Continuous monitoring of residents and infrastructure is a given especially with the global push on smart cities. Researchers at the International Institute of Information Technology Hyderabad present solutions to obvious concerns of how humongous amounts of CCTV camera footage can be efficiently stored and analysed.
According to the latest surveillance camera statistics, outside of China, Indian cities of Hyderabad, Indore and Delhi feature among the top 10 most surveilled cities based on cameras per 1,000 people. And this data is based only on public CCTV cameras, installed by the government, ignoring the private network of which there is a sizeable number too. A huge challenge in deploying such large scale camera networks concerns storing videos streamed by them and extracting relevant information in real time. In a study titled, ‘A Cloud-Fog Architecture for Video Analytics on Large Scale Camera Networks Using Semantic Scene Analysis’ that was presented at CCGrid 2023 – the 23rd IEEE/ACM International Symposium on Cluster, Cloud and Internet Computing, IIITH researchers have proposed a scalable video analytics framework that checks all the problem boxes.
According to Kunal Jain, 5th year Dual Degree student in Computer Science and the primary author of the research paper, although large scale CCTV camera networks are found everywhere, from the streets to malls and industrial spaces like factories and so on, the team focused only on publicly available CCTV cameras installed on road networks. Their aim was to engineer an easy-to-deploy, scalable and loosely coupled hardware-software distributed infrastructure that could process information related to events that don’t require real-time processing such as jumping of red lights, as well as those requiring real-time processing of data such as detection of traffic jams due to malfunctioning traffic lights or accidents and so on. In addition to these, the researchers efforts focused on one of the most complex queries in video analytics which is tracking and pursuit of vehicles that could be a combination of both a real-time pursuit or an offline one, along with data analytics such as rush hour analysis, correlation between traffic and air quality and so on.
What They Did
“An average CCTV camera that has a 1080 pixel resolution generates 72 MB of data per hour; 1,000 such cameras generate 72GB data per hour which is about 2 TB in a day. With 50,000 cameras, we can see that data generated is about 100 TB in a day which is ginormous!”, exclaims Kunal explaining that one of their motivations was to come up with a solution to save on network bandwidth. To achieve that, the work focuses on two things primarily – semantic scene analysis and cloud-fog architecture. The former refers to the way machines understand visual scenes – through object recognition – and establish relationships between objects by generating a textual description of the same. This is especially useful when retrieving images because the textual query search throws up the appropriately captioned image. “In our system, all visual information is stored in textual format known as Scene Description Records (SDR). For instance, in the road setting, if there’s an image of two black cars at an intersection with one of them taking a right turn because of a free right, a query for “a black car at an intersection” will retrieve this image,” says Kunal. Transmitting a textual description instead of an image itself saves network bandwidth and avoids congestion at the ingestion points of the cloud.
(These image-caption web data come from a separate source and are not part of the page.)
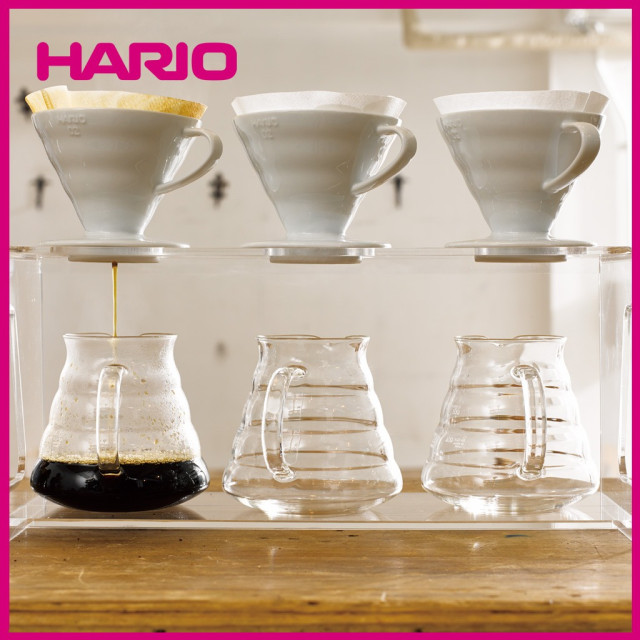 【HARIO】V60雲朵咖啡壺-60 / XGSR-60TB 2個  / V60手沖/ V60濾杯/ 咖啡套組/ V60咖啡壺 / 耐熱玻璃 / 雲朵咖啡壺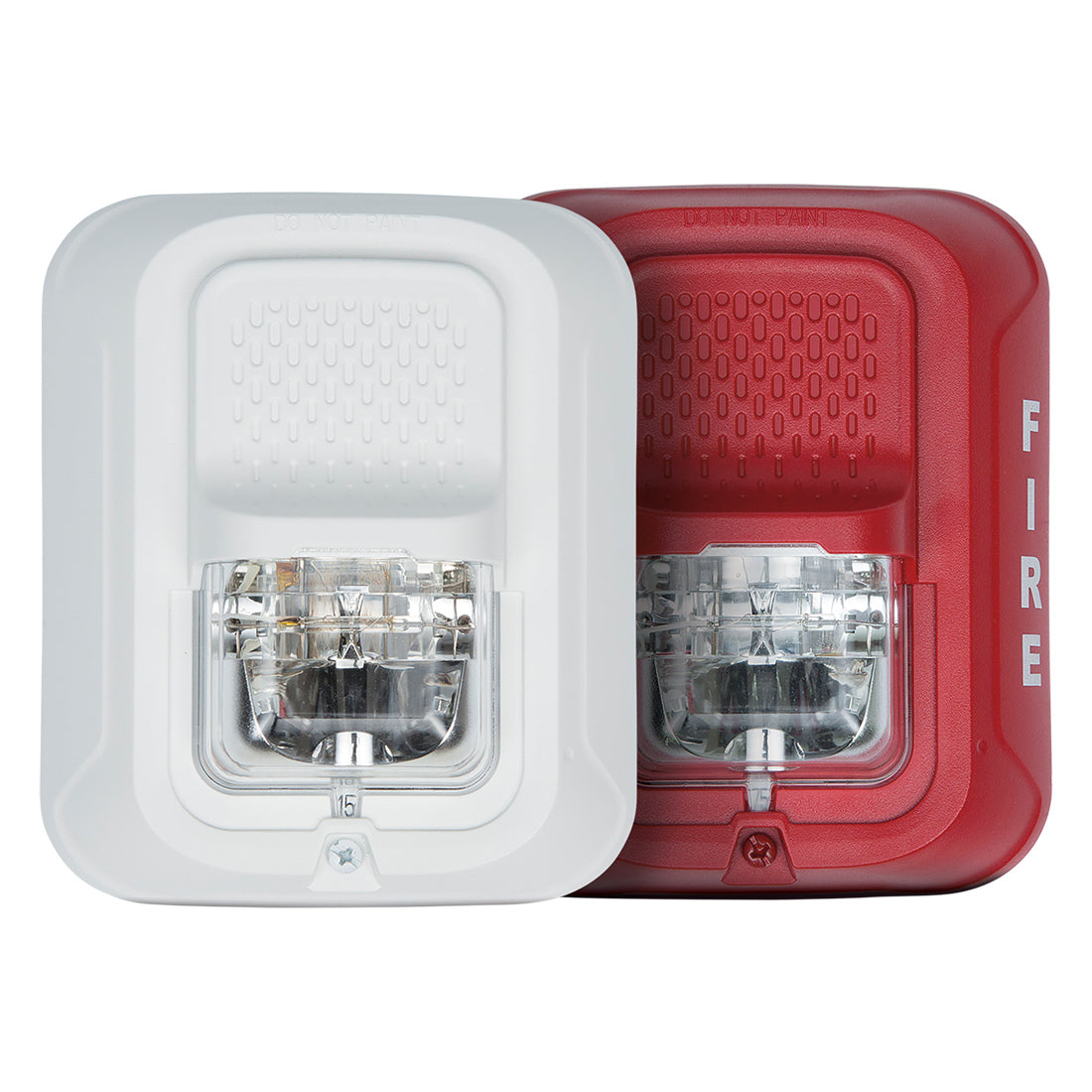 Liftmaster LMS24W blanco liso de 2 hilos, luz estroboscópica de 12/24 VCC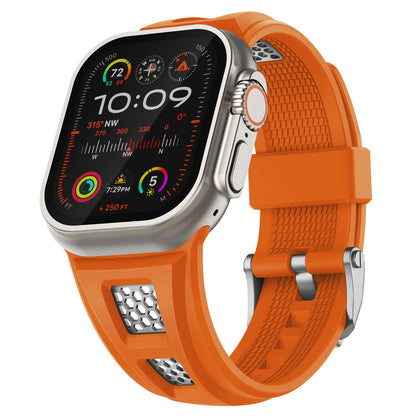 Durable Rubber Fitness Strap for Smartwatch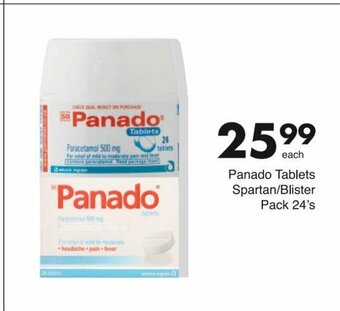 Save Panado Tablets Spartan/Blister Pack 24's offer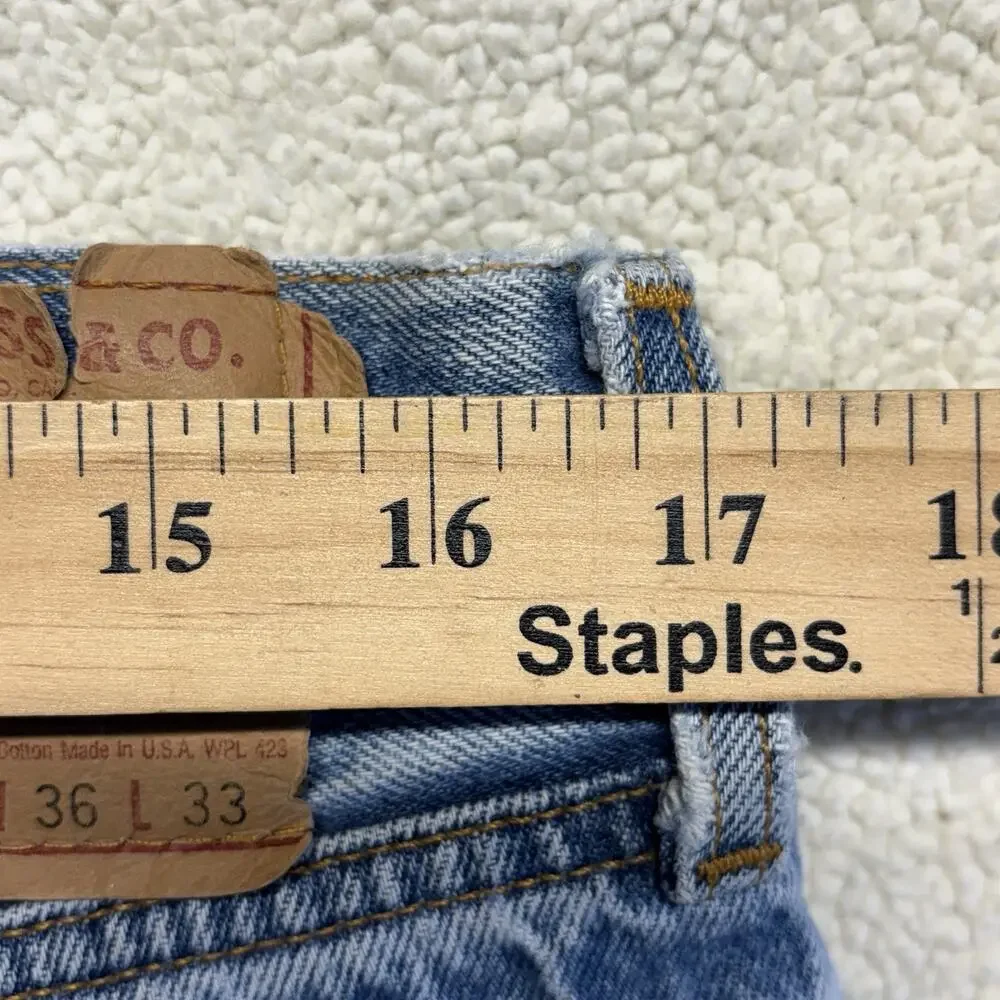 Vintage Levis Shrink To Fit 501 XX Jeans 36x33 (Fits 34x30) Made in USA 90s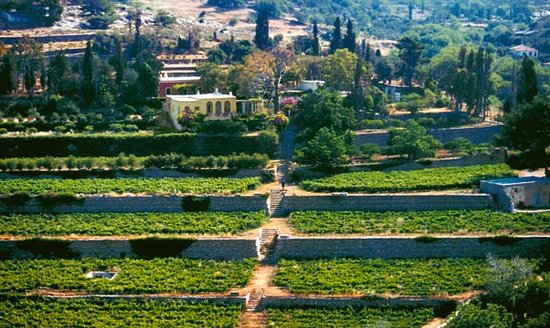 These marble Roman steps were part of an ancient road.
In order to create a distributed infrastructure architecture, what they next did was to separate the processing layer and the storage layer in the SDRs. “A fog node is a very small processing unit that quickly processes information given and forwards it to the nearest data centre,” elaborates Kunal. By connecting a few tens of CCTV cameras to one particular fog node, and many fog nodes in the same geographical vicinity to a mini data center, and many mini data centers in turn connected with each other, the researchers created a multi-data center with fog node architecture.
Low Compute, Flexible and Accurate
For the purpose of testing out the system, four different deep learning pipelines were deployed on the fog nodes – object recognition, vehicle tag extraction, vehicle colour, make and model detection and more. “What’s novel in our approach is that if there’s a new ask, for say, identifying jaywalkers on the road, you don’t have to restart the entire system and begin afresh. Individual computational components are broken down so that any new incoming pipeline can subscribe to the ones in common and also add any new tasks on the fly to the system,” remarks Kunal. The team demonstrated the effectiveness of their system in a query on real-time vehicle pursuit with queries getting answered in less than 15 milliseconds. “Our best algorithm was able to track the car between 80-100% of the time,” says Kunal. While the research has focused on road camera networks, the principles can just as well be applied to other large scale surveillance networks too.